That word sends shivers up the spine of the average Christian. You could get away with cussing in church faster than you can say that you did anything for yourSELF. Red-faced orators hammering into their listeners "self=selfish," thinking they're helping, when actually they have inflicted great harm on many. This type of thinking is what causes well meaning people to tell someone who is depressed that they could snap out of it if they stopped thinking of themselves so much, when truthfully for those of us who deal with depression, ourselves is the LAST thing we want to think about.
The first rule of the Journey Training I attended was "Take care of yourself first." That was such a foreign concept to me. Wait, I thought I was here to get myself together so I could better serve others by being less selfish. After decades of hearing that I was never to think of myself at all, much less first, I felt ill to even think of doing such a thing. Why? Why would they put us in that kind of conundrum? Wait, I know, take care of yourself because no one else is going to take care of you. That's got to be it. Ok, that's plausible since that's been my rule of life for as long as I can remember. Maybe it's a warning: "We're not here to care about you; we're here to teach you how to better care about us so, in turn, your sorry selves can care better for others and quit being so selfish." Ah, I feel about 6 inches tall. Much better.
Or is it?
Let me ask a few questions:
- Is it selfish for a farmer to feed his family with some of his harvest?
- Did you know that many medical discoveries were from people who were "selfishly" trying to find a cure for their own or a loved one's ailment?
- Is it selfish for a mom to feed and nourish herself so that she can give healthy milk to her nursing baby?
- Something I learned from my friend Dellaine: Is it selfish for the airlines to tell you that in the event of a loss of cabin pressure, put on your oxygen mask before you help others with theirs?
- Is it selfish for a food service worker to have a full tummy before he serves on his shift?
OK, I get that, but is this concept even scriptural?
Leviticus 19:18 - Thou shalt not avenge, nor bear any grudge against the children of thy people, but thou shalt love thy neighbour as thyself: I am the Lord.
Matthew 22:37-39 -Jesus said unto him, Thou shalt love the Lord thy God with all thy heart, and with all thy soul, and with all thy mind. 38 This is the first and great commandment. 39 And the second is like unto it, Thou shalt love thy neighbour as thyself.
Romans 13:9 - ...Thou shalt love thy neighbour as thyself.
Galatians 5:14 - For all the law is fulfilled in one word, even in this; Thou shalt love thy neighbour as thyself.
James 2:8 - If ye fulfil the royal law according to the scripture, Thou shalt love thy neighbour as thyself, ye do well.Hey, I'm not the brightest crayon in the box, but I'm sensing a pattern here.
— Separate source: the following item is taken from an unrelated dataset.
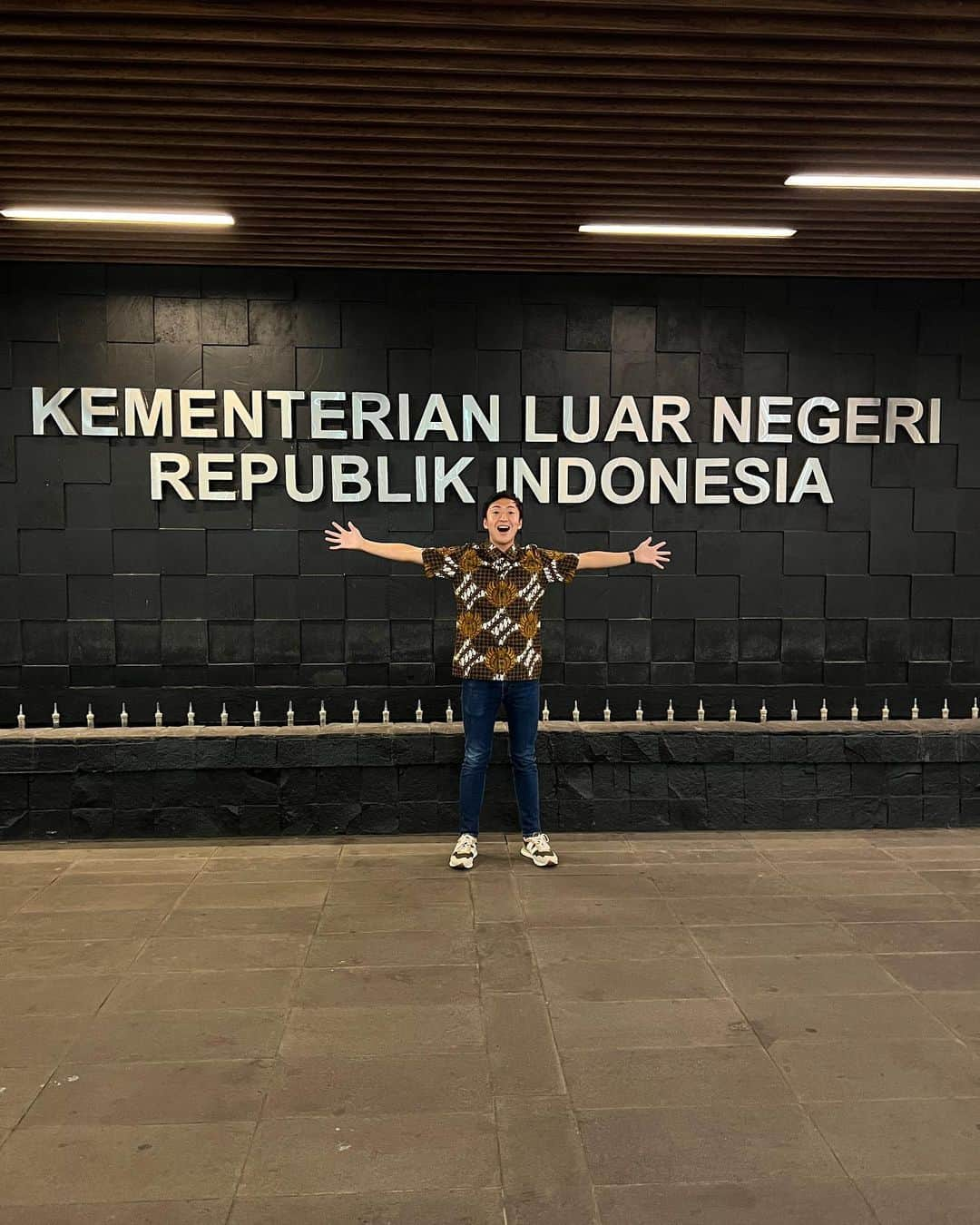 坂崎裕介さんのインスタグラム写真 - (坂崎裕介Instagram)「Sampe di indonesiaaaa🇮🇩 lagi✌️  Aku udah sampe di indonesia tgl27 september langsung ke kementerian luar negeri🇮🇩 karena diajak podcast untuk bulan bahasa!!! Jadi katanya oktober itu bulan bahasa di indonesiaaaa jadi semangat belajar bahasa ya!!! aku lagi belajar Ingriss juga. ambil les ingriss online👍 sekarang lagi di indonesia kan. Jadi harus belajar bhs indonesia juga ya✌️ semangat bersama yuk guys!!!😆jadi nanti kalian bisa nonton podcast itu!!! Kalo nonton, Bisa tahu tips belajar bahasa aku gitu2 ya!!! Kalo ada yg mau nonton, nanti aku kabarin di IG yaaaaa😙  KEEP MOTIVATION HIGH ya guys!!! 🔥」10月3日 14時27分 - skzk_yusuke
Jesus was the ultimate example of this. Often in scripture, His early morning solitary retreats to pray and fellowship with God are referenced. This wasn't some religious exercise in piety; Christ was taking good care of Himself so that He could take the best care of others.
Look, this isn't natural for me either. It is deeply ingrained in my mind that I try to avoid anything that looks like selfishness to the point of self detriment.
Proverbs 18:9 (Amplified) - He who is loose and slack in his work is brother to him who is a destroyer and he who does not use his endeavors to heal himself is brother to him who commits suicide.Something else Dellaine showed me. Continue to exhale in pulses without inhaling. What happens? Your exhale become weaker and weaker until you can't exhale anymore without inhaling. Now do the same exercise in reverse. The same thing happens doesn't it? You are either completely full of yourself or completely empty of yourself. Neither is healthy or sustainable. God created us to be balanced. Getting out of balance is a detriment to all aspects of our health.
During the first weekend training session, following that rule was extremely difficult. I'm not used to taking care of things for myself without getting permission. At first, I asked for permission to do simple needed things like going to the bathroom, getting water, or taking a seat. The answer was always the same, "You don't need to ask permission. The first rule is to take care of yourself first." Even after I stopped asking permission, I would still give glances to a leader before I did anything. I would get the glance back that says, "You know what to do." The second weekend session was better, but the mentality was still there.
It's all about deserving.
We don't have to earn the right to take care of ourselves. The minute God called us to serve others was the day we got permission. He knew that we couldn't serve well if we felt drained and empty. Fill up, then draw out and distribute.